- [TASK ITEM]: Only the lines from the one containing "ich liebe dich" to the end of the data should be copied, exactly and without pictures.

- [DATA SHOWN]:
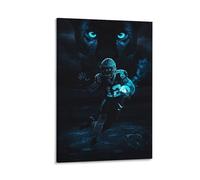 Football Player Running Poster Panther Artwork Print Sports Wall Art for Home Decor Dynamic Athletic Scene Blue And Black Colors Gift for Sports Fans Gift 20x30inch(50x75cm) Framed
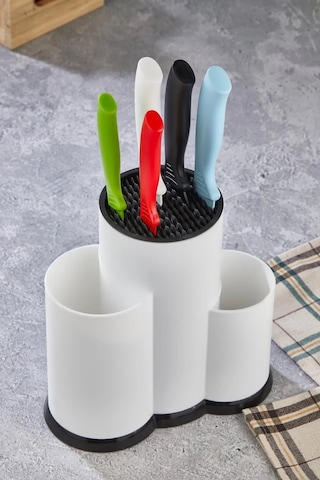 Tuffex Lüx Tezgah Üstü Bölmeli Kaşık Bıçak Standı - Kaşıklık Bıçaklık Düzenleyici Organizer - Beyaz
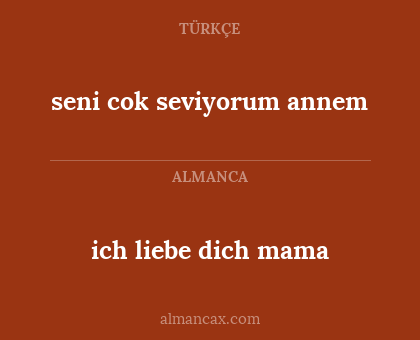 ich liebe dich mama - seni cok seviyorum annem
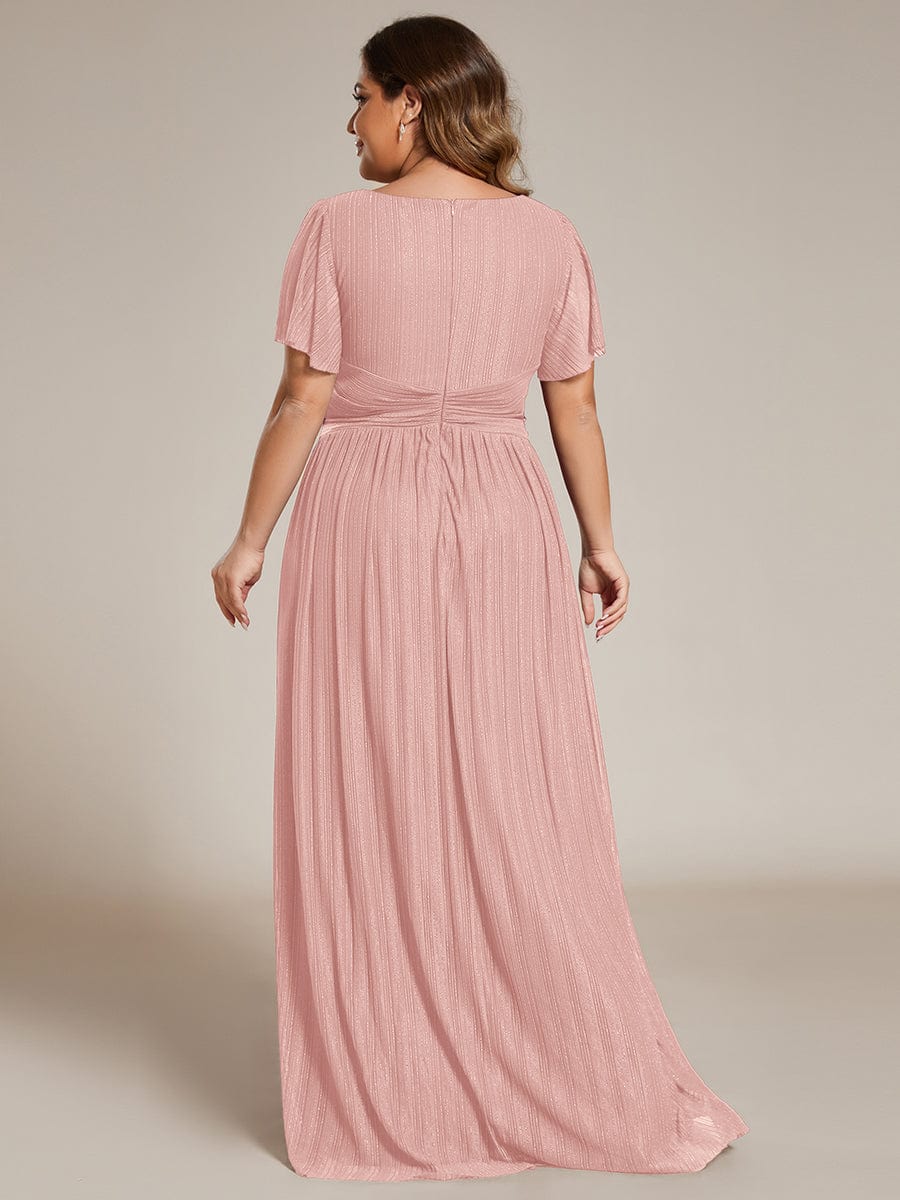 pretty DAPHNE|Plus Size V-Neck Glittery Short Sleeves Formal Evening Dress with Empire Waist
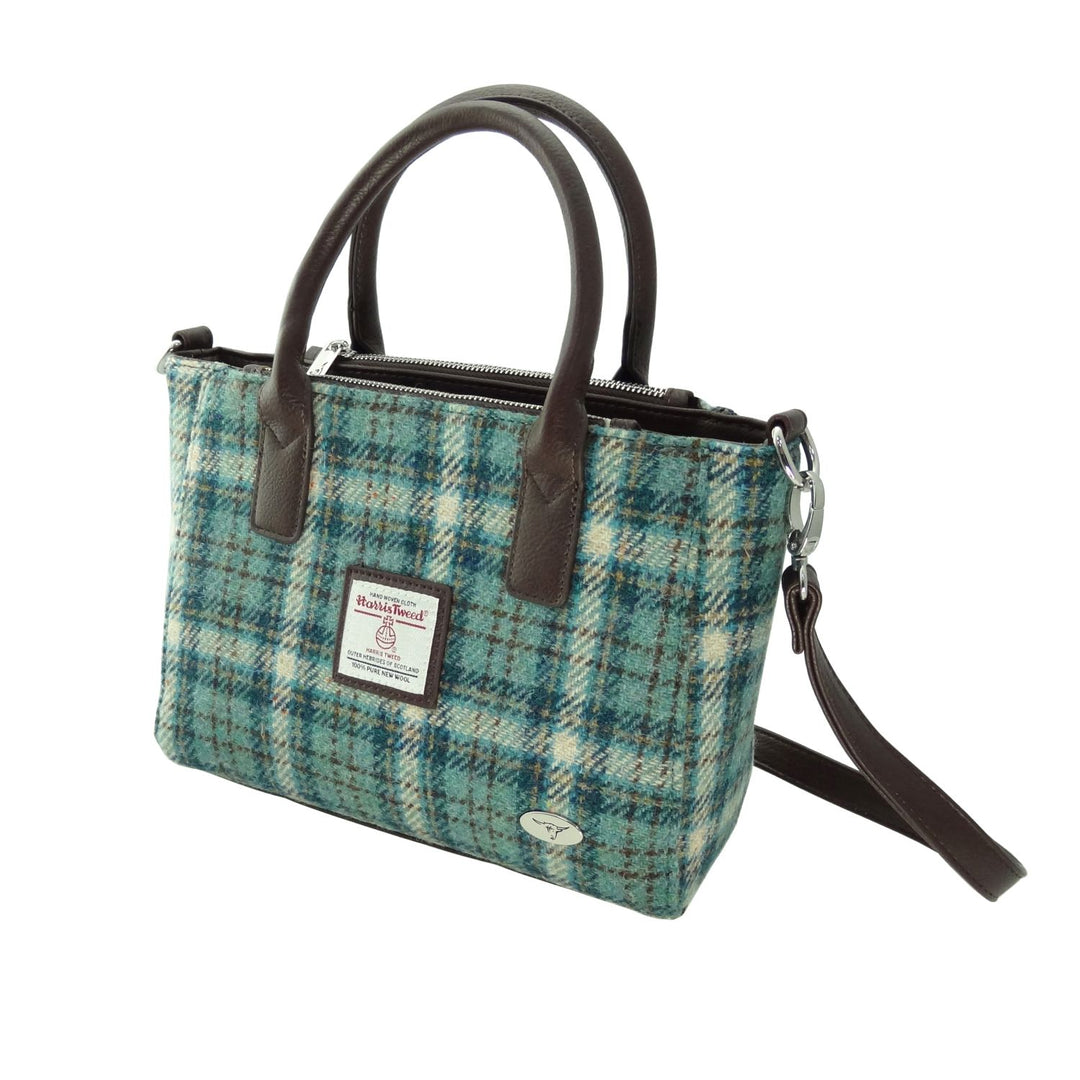 Glen Appin Harris Tweed Brora Tote Handbag Duck Egg Check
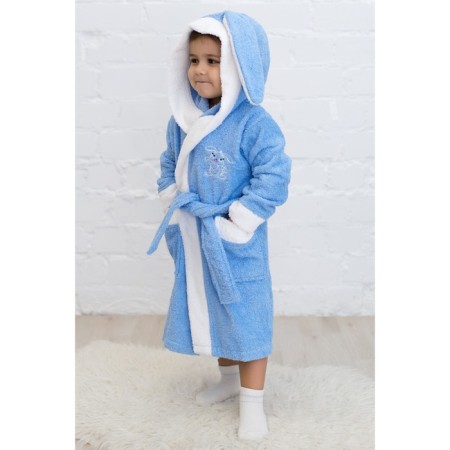 Baby robe "Bunny", height 110 cm, blue+white, Makra-3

- [FINAL ANSWER]:
 ich liebe dich mama - seni cok seviyorum annem
 pretty DAPHNE|Plus Size V-Neck Glittery Short Sleeves Formal Evening Dress with Empire Waist
 Glen Appin Harris Tweed Brora Tote Handbag Duck Egg Check
 Baby robe "Bunny", height 110 cm, blue+white, Makra-3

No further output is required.